[Opening DATA IN THIS EXERCISE section]
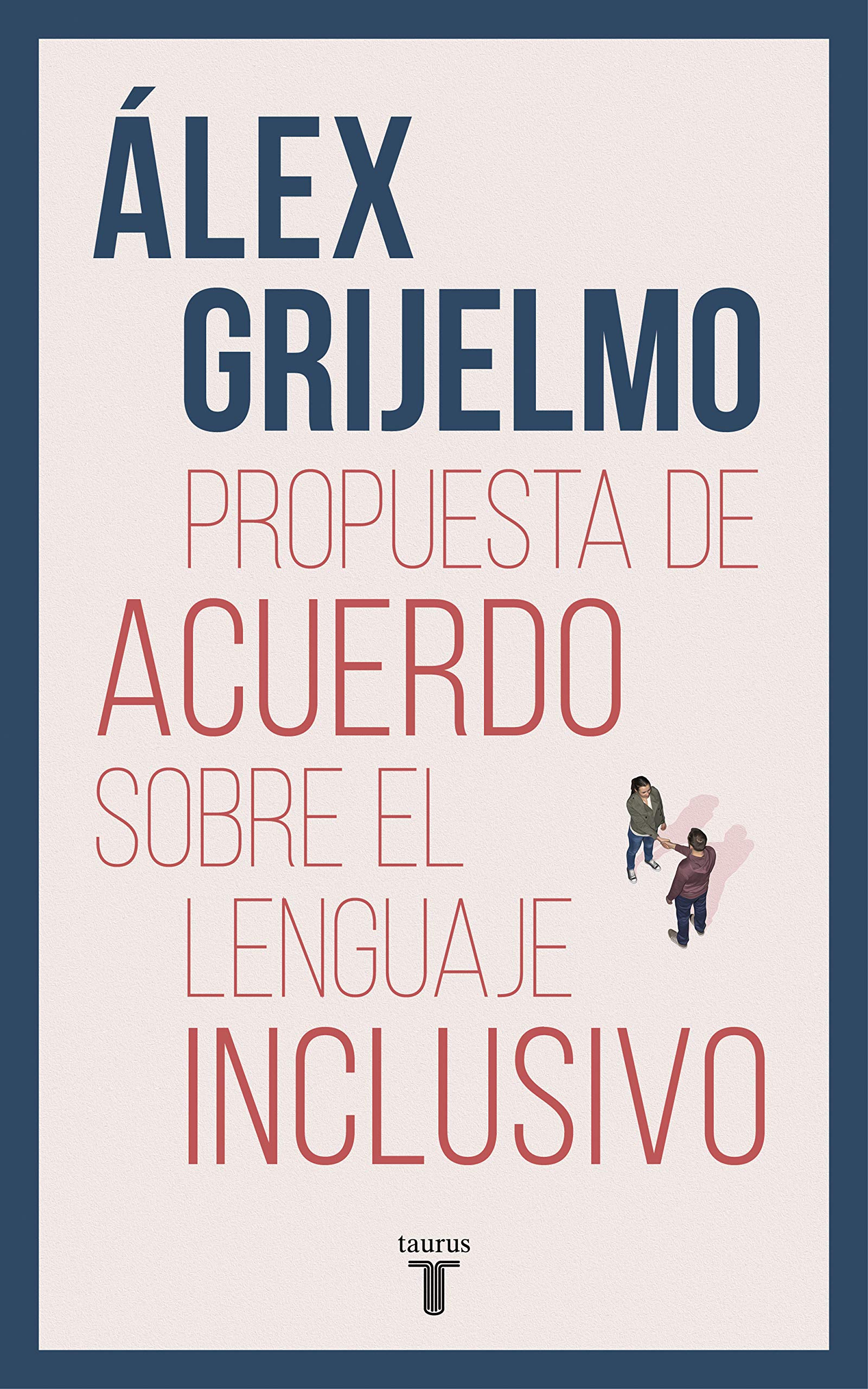 Propuesta de acuerdo sobre el lenguaje inclusivo / A Proposed Agreement on inclusivo / A Proposed Agreement on Inclusive Language: Una Argumentacion ... Posturas Muy Distantes (Lengua y Literatura)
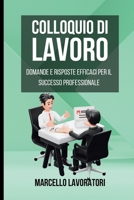 Colloquio di Lavoro: Domande e Risposte Efficaci per il Successo in un Colloquio di Lavoro (Italian Edition) B0CTT1DN7M Book Cover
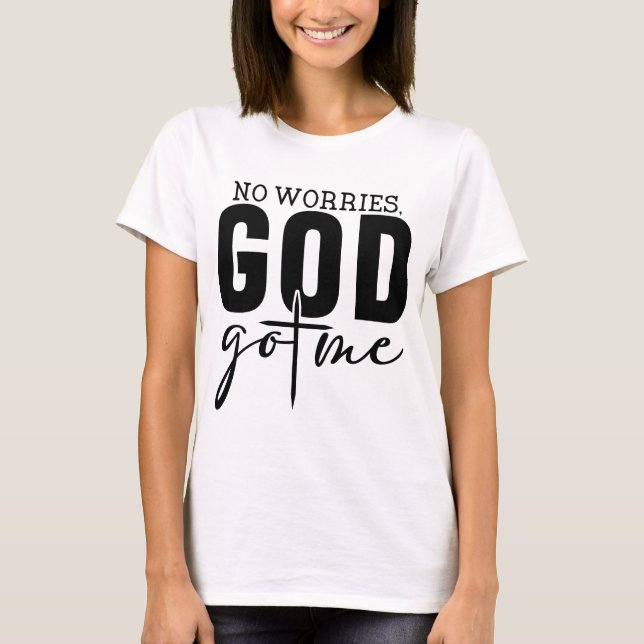 Ingen fara Gud Har mig T Shirt (Framsida)
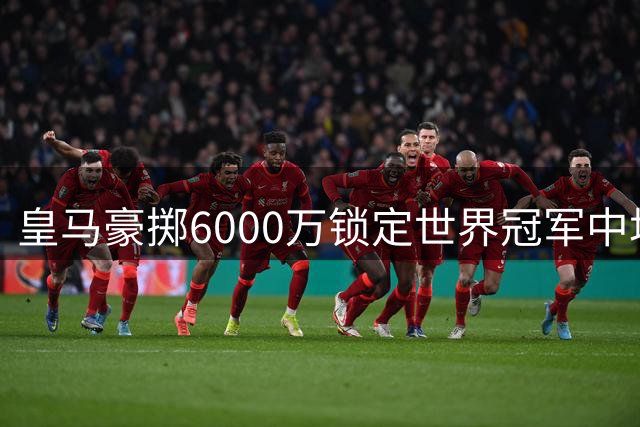 皇马豪掷6000万锁定世界冠军中场 西甲争冠格局迎来地震级变动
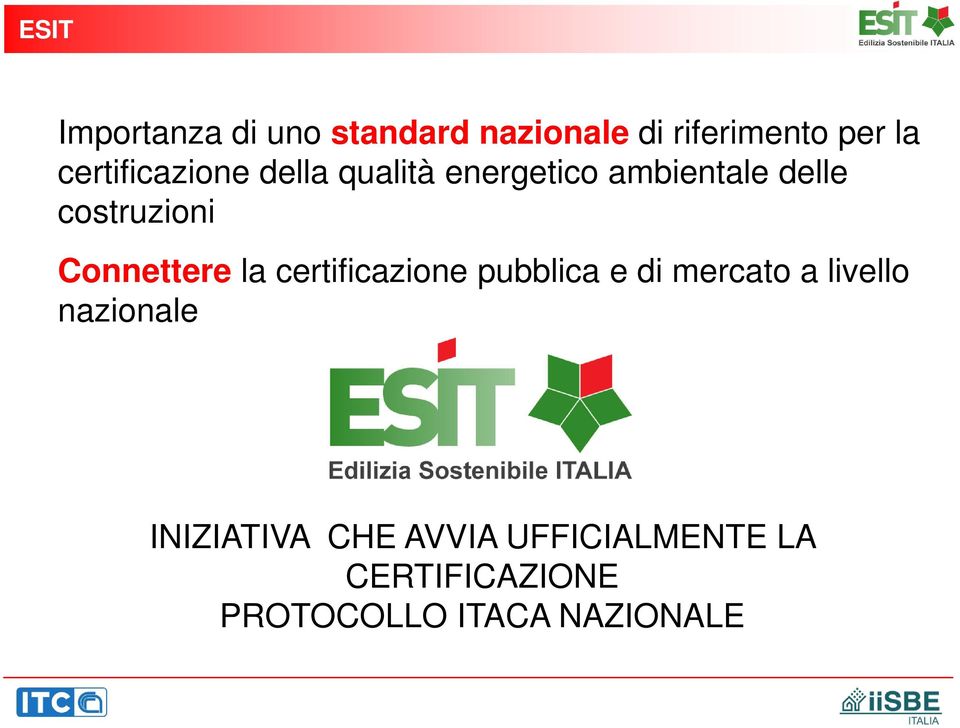 Connettere la certificazione pubblica e di mercato a livello nazionale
[Closing DATA IN THIS EXERCISE section]
— WHAT IS BEING ASKED —
Output the span from the line with "皇马豪掷6000万锁定世界冠军中场 西甲争冠格局迎来地震级变动" through the last line of the data, inclusive and exact, and omit every picture.

— ANSWER TO THIS TASK —
 皇马豪掷6000万锁定世界冠军中场 西甲争冠格局迎来地震级变动
 Connettere la certificazione pubblica e di mercato a livello nazionale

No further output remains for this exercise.